Listen, I'm 30. If it doesnt involve a super soaker and some chicken wings, you can count me out.
coulda been worse. everyone in the drunk tank got free mcdonalds breakfast
Couldn't see or hear that well because she hit me on the back of the head with a bat. That is my excuse. Also the gin.
Now that I'm single, I like to think of myself as in a relationship with Taco Bell.
Yes and yes. Got taken to a Florida strip club. I desperately want to flood my eyes and ears with hand sanitizer right now.
Im glad the only reason we got out of bed today was to get Halloween candy on sale.
How was that my fault?! I made you breakfast and gave you cake, as you asked. Then, you initiated sexual activity.
I keep jumping up and down in front of the mirror naked. The only motivation I would be to stop and put clothes on is if you come over. Hurry.
The last thing I remember is him yelling from across the room "WE FINISHED THE HANDLE!"
It was 11pm.
I had sex in a panda mask the other night.
I have a hook up buddy in Abiquiu. He lives next to a Chipotle; that's the only reason I see him.

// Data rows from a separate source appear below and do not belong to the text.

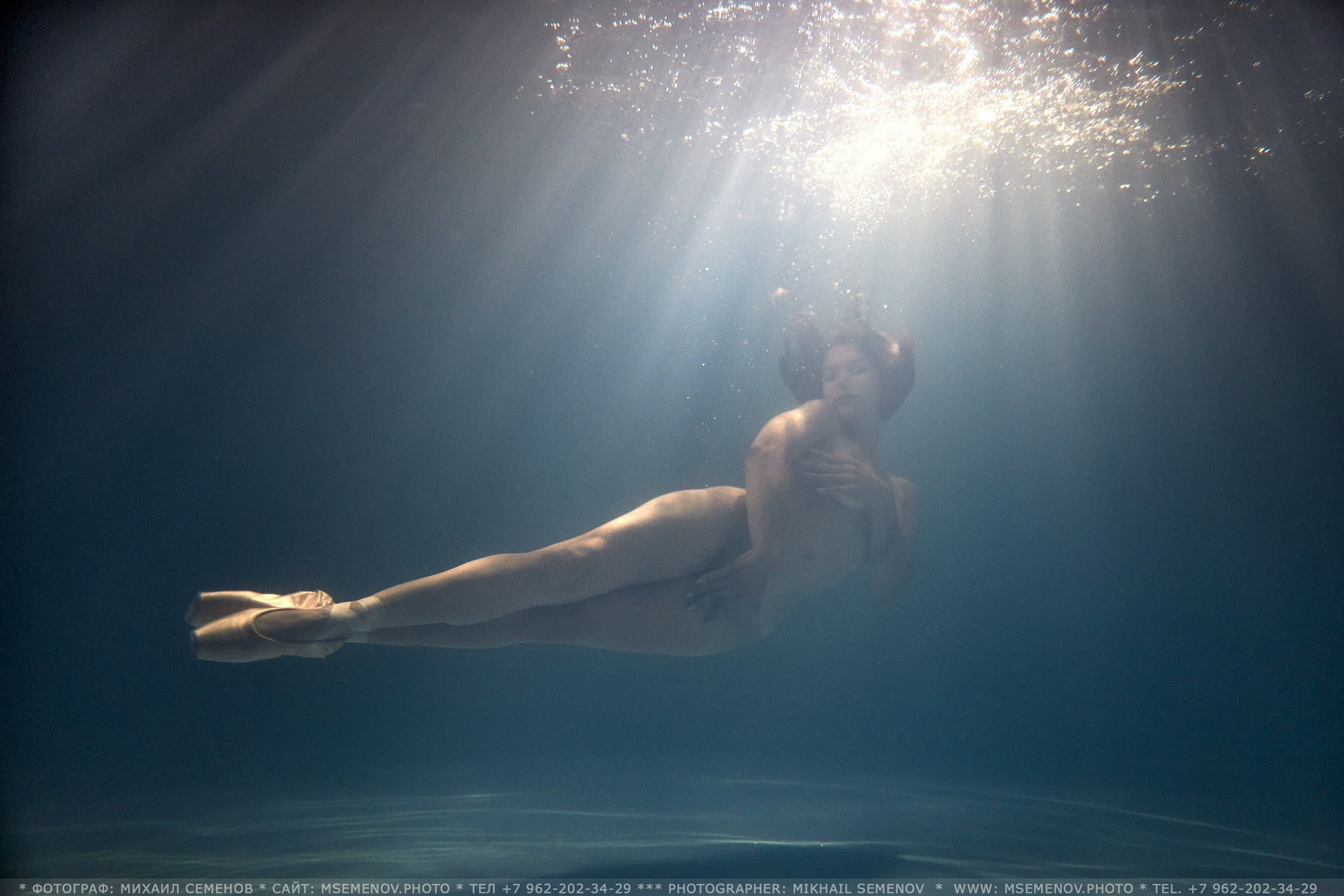 Подводная фотосессия Анжелика и Карина. Фотограф в Ярославле Михаил Семенов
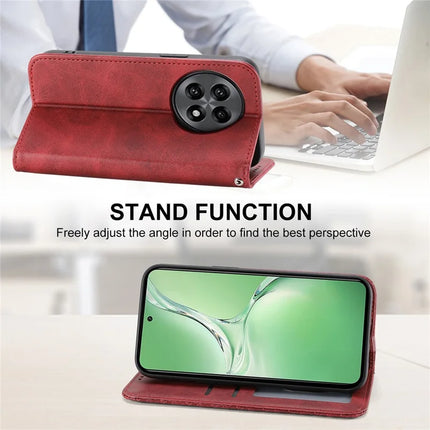 For OnePlus 13R 5G Case Calf Texture PU Leather Phone Cover with Wallet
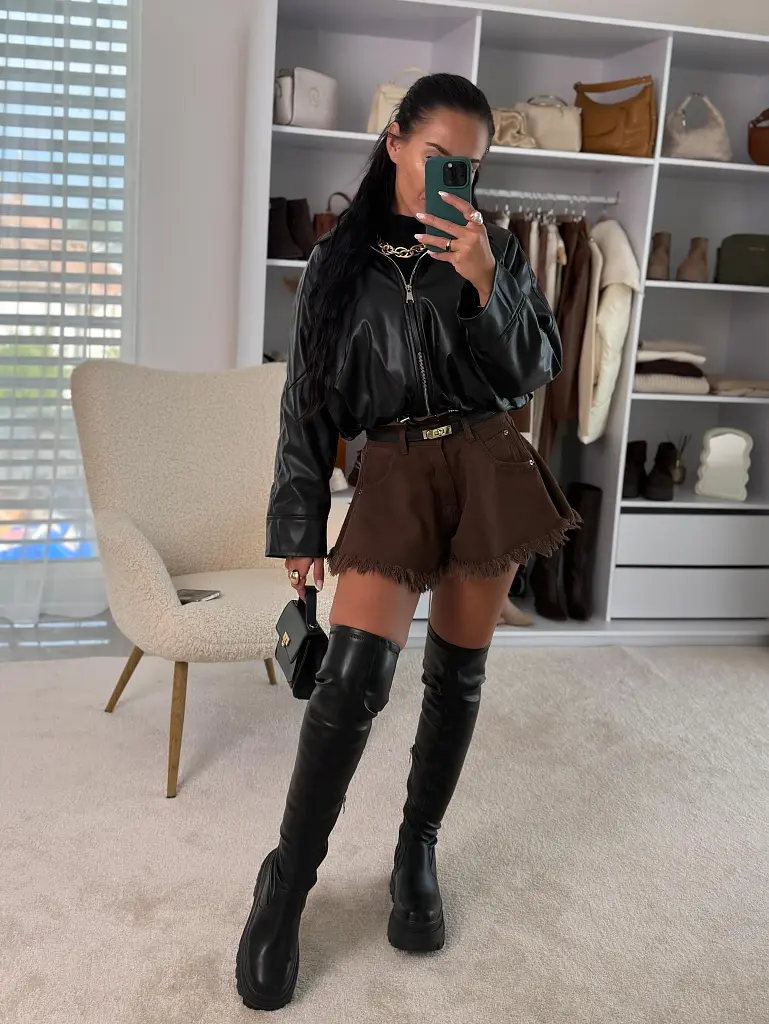 Čierne čižmy nad kolená SHEIRA+ - next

He wore pink swim trunks on our date and repeatedly insulted my profession, but his cat kept standing up like a person to nuzzle my face and I felt like a Disney Princess. I hate this dude, but the cat is too amazing for me to not fake interest for.
Like I thought me shitting my pants was bad today... Then the election happened.
I just found a contact in my phone named "Nick from The Party". Who's nick?